Additionally, we will also assess genetic variation at the major histocompatibility complex (MHC), a gene family considered the paradigm for the study of the ability of populations to respond to changing environments. For urban wildlife populations with increased disease risk that can lead to precipitous population declines, the study of immune genes can reveal information about the adaptive potential of populations threatened by disease. We will sequence a MHC Class II gene (DRB1) to evaluate variation responsible for immune defense against extracellular diseases (i.e., pathogens). We will examine the effects of isolation by urbanization in shaping MHC variation that is critical to immune genetic health and defense against novel diseases.

3. Investigate the role of the epigenome in facilitating caracal adaptation to urbanization. Epigenetic changes regulate genome activity independent of DNA sequence. The most studied epigenetic mechanism is DNA methylation of CpG sites in the DNA sequence. CpG sites are usually clustered in gene regulatory regions and their methylation, or de-methylation, can result in changed gene expression patterns. In vertebrates, numerous studies have linked anthropogenic environmental stressors (i.e,. exposure to common pollutants) to detrimental epigenetic changes in multiple tissue types. However, DNA methylation may also function to increase phenotypic variation, facilitating adaptive response and act as an evolutionary buffer to rapid environmental change. Using blood samples, we will explore differential DNA methylation patterns across the isolated Cape Peninsula population, and populations outside of the city that are not isolated. We will also compare genomic variation as discussed above in #2 with measures of methylation diversity between each population to test whether greater methylation diversity in the urban population will compensate for low genetic variation.

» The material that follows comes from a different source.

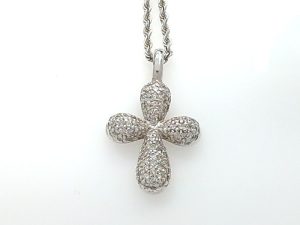 Lady's White 14 Karat Cross Pendant Length 20 With = Round Diamonds Style: Rope
Metal: 14 Karat
Color: White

4. Effects urbanization on health, and threats to survival. We are collecting blood samples at the time of capture that will be used for health assessments, and have already collected data for more than 20 caracals. We will also use samples to test for exposure to, or infection with, common feline and canine diseases that could influence survival, for which we have collected samples for more than 30 caracals already. We are opportunistically collecting dead caracals found in our study area, and have collected more than 25 dead caracals within the last year. We will perform autopsies to assess individual health and cause of death (i.e., vehicle collision, pesticide exposure, disease). We will collect tissue and blood samples that will enhance our genetic and disease survey sample size. We will also collect organ samples that can be used for pesticide exposure testing.

Challenges

We have overcome numerous challenges already, demonstrating our ability to take these challenges head on! We have worked with a piecemeal shoe-string budget, as is the nature of any project of this type. However, by reaching out to the local community, we've turned this into a grassroots effort, and community members with a variety of expertise have pulled through to help us in may ways. For example, we have community members that help fix equipment in disrepair after years of use on other projects. Working in the field, we have become savvy about navigating the mountains while staying safe in an area where crime is frequent. We have reached out to colleagues to help sponsor some of our laboratory testing. Overall, through asking for help in a variety of ways, and prioritizing public outreach, we are managing a project that has been very successful to date and is already yielding fascinating results.